British psychologist Adrian Raine criticised the show, arguing that it "encourages deceitfulness", and that many of its contestants are celebrated for displaying "characteristics of psychopathy". In a review of another ITV quiz show—The Colour of Money—Charlie Brooker criticised Golden Balls rules, saying that "[Golden Balls] has more rules and clauses than the European Convention on Human Rights".

==Home versions==
A video game was released on the Nintendo DS and Wii platforms, and another version for mobile devices was released in November 2008 by Mindscape. In 2008, an interactive DVD game was released by Channel 4. Other versions include an electronic board game in 2007 and a card game in 2008.

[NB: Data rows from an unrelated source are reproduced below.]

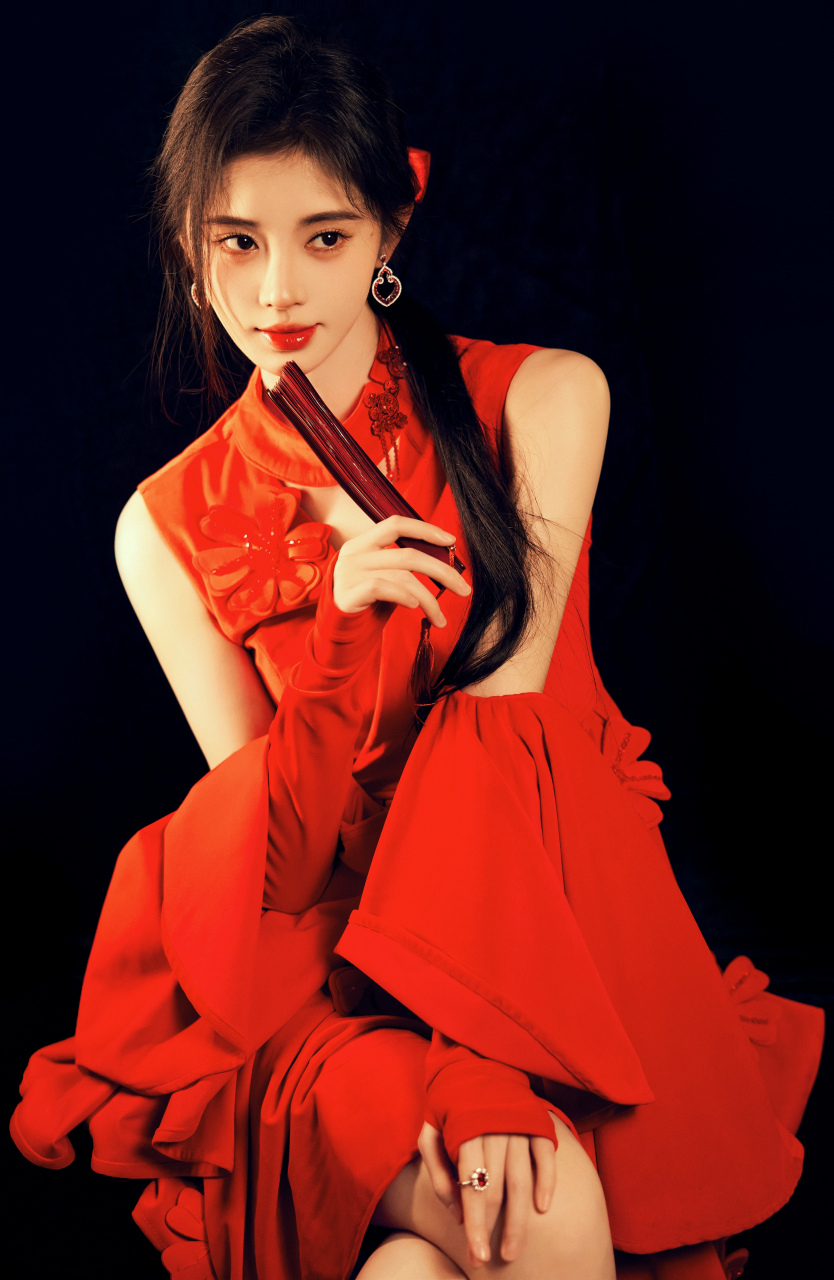 鞠婧祎,真是一道美丽的风景线.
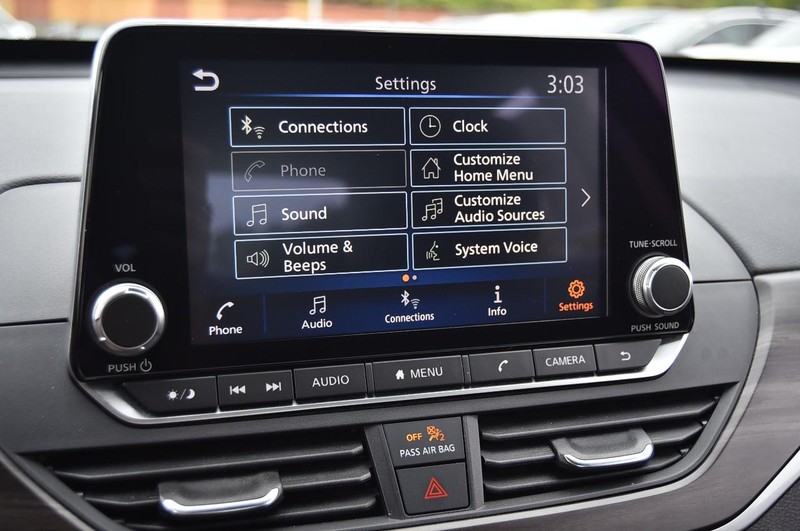 Nissan Altima Vehicle Full-screen Gallery Image 14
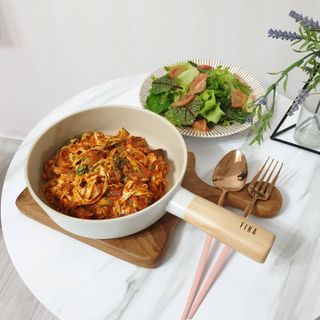 [풀무원] 식물성 저당질식 세트, 두부면 매콤라구파스타와 두부면 직화짜장 — 5점을 준 리뷰어가 2021년 4월 올린 사용 사진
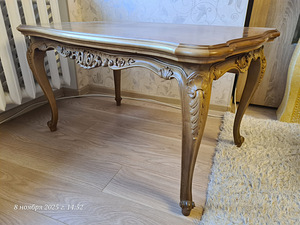 Красивый стол . (3 фото из 3)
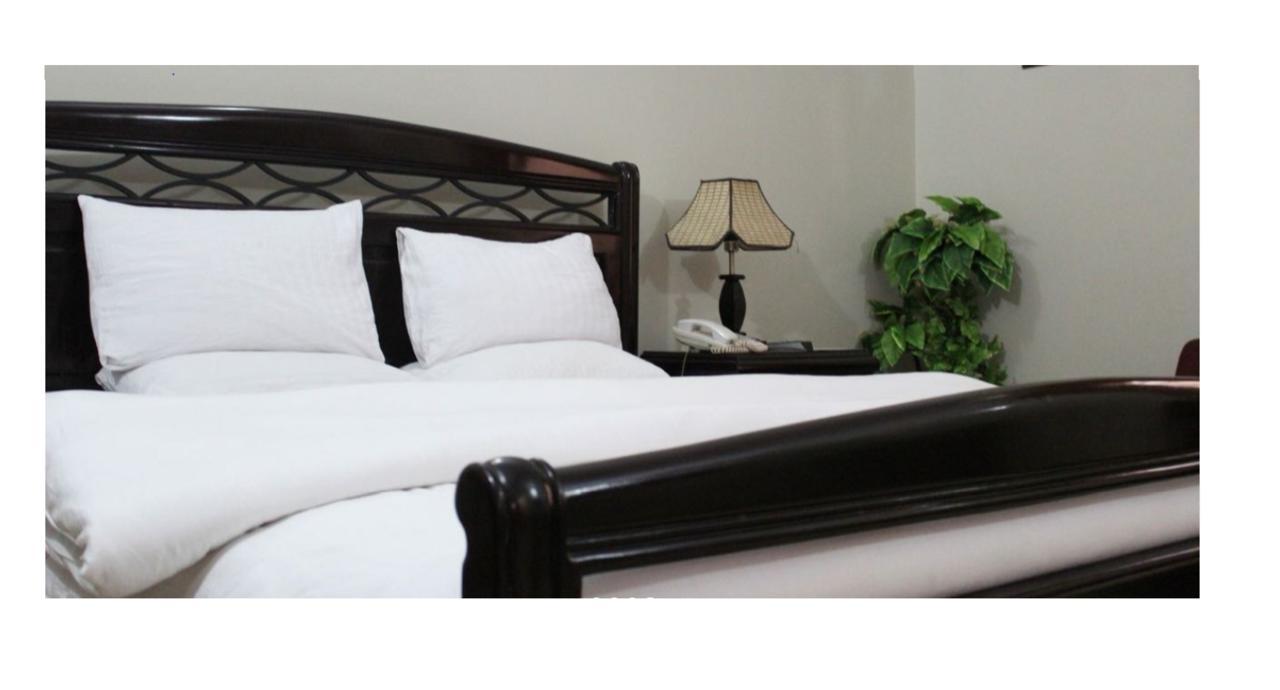 Luxury Inn Карачі Екстер'єр фото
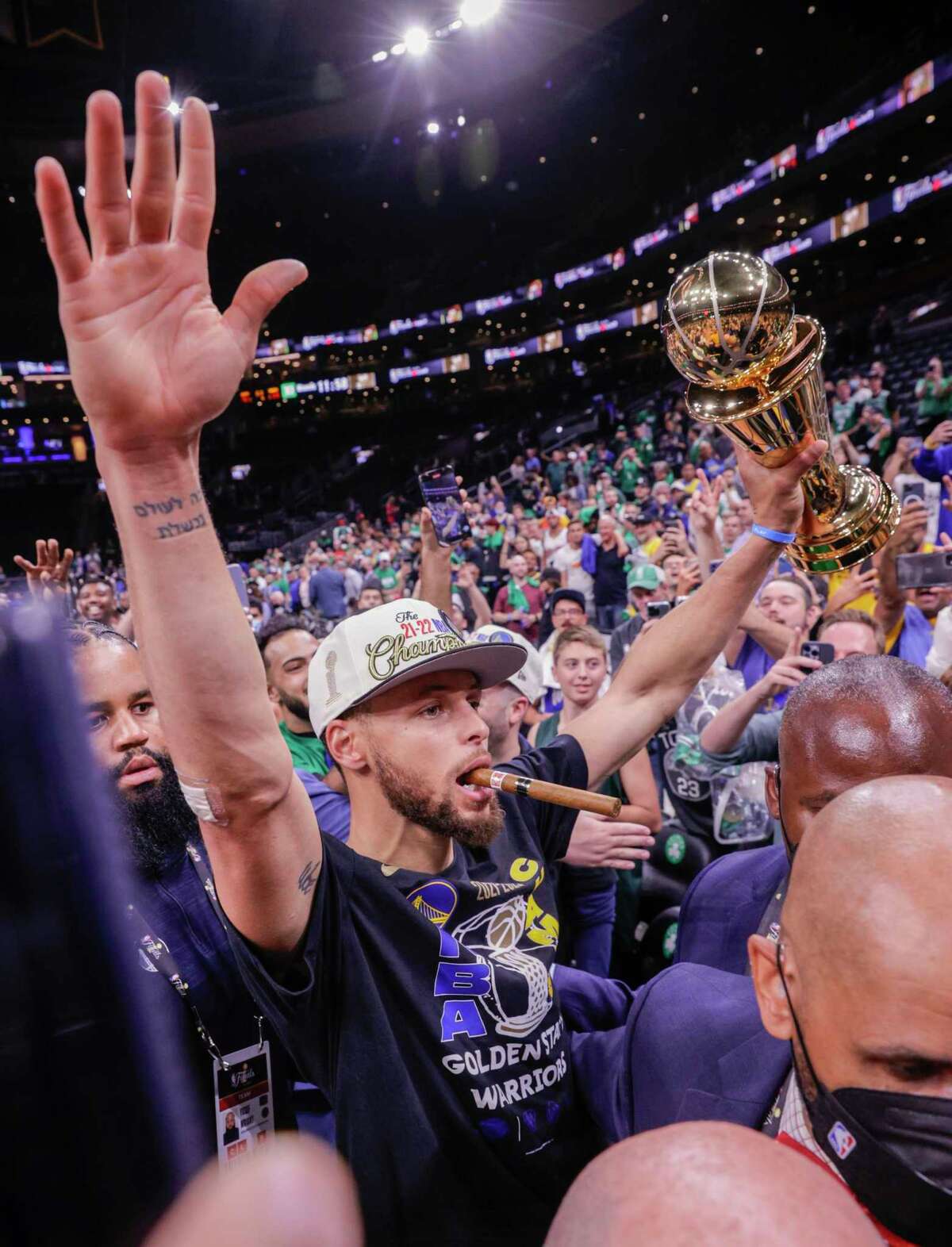 Steph Curry wins 2022 Finals MVP - Golden State Of Mind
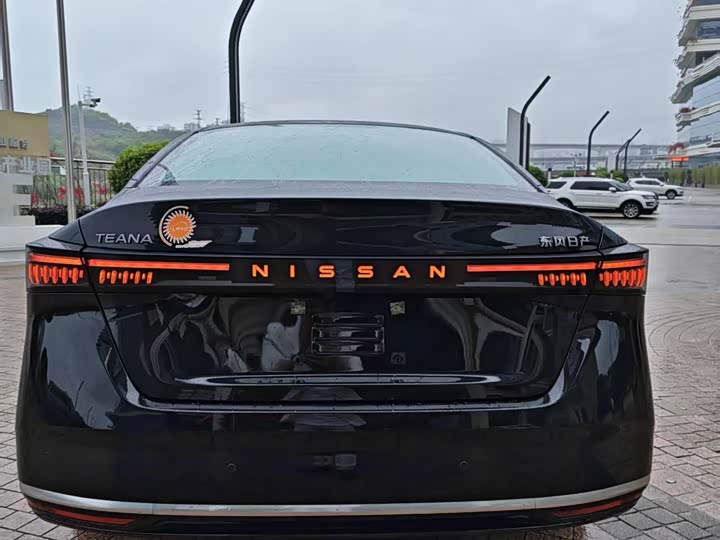 Nissan Teana 2026 2026款 鸿蒙座舱 2.0L 智能超舒适版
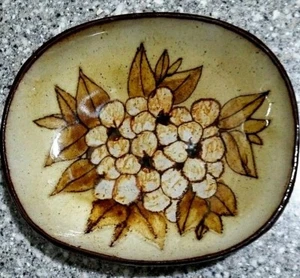 CHELSEA POTTERY ENGLAND~GLAZED FLOWER HANGING WALL ART DISH~SIGNED PLATE~5 5/8" - Picture 1 of 5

== International versions ==
An Argentine version aired on América Televisión in 2008, hosted by Horacio Cabak.

| Country | Local name | Host(s) | Network | Year aired |
|---|---|---|---|---|
| Argentina | Golden Balls | Horacio Cabak | América Televisión | 2008 |

==See also==
The "Split or Steal?" game element, essentially a variant of the prisoner's dilemma, has been used in other game shows, including:

- Shafted, a previous Endemol production.
- Friend or Foe? an American game show.
- De Verraders, a Dutch game show. During the series finale, if both remaining players chose to steal, the last player eliminated before them won the entire jackpot.
- The Bank Job, a British game show distributed by Endemol Shine Group. In the final episode of each series, if the last two remaining players chose "Trash" (the show's equivalent of Steal), the jackpot was divided among the three players who had been eliminated during that episode.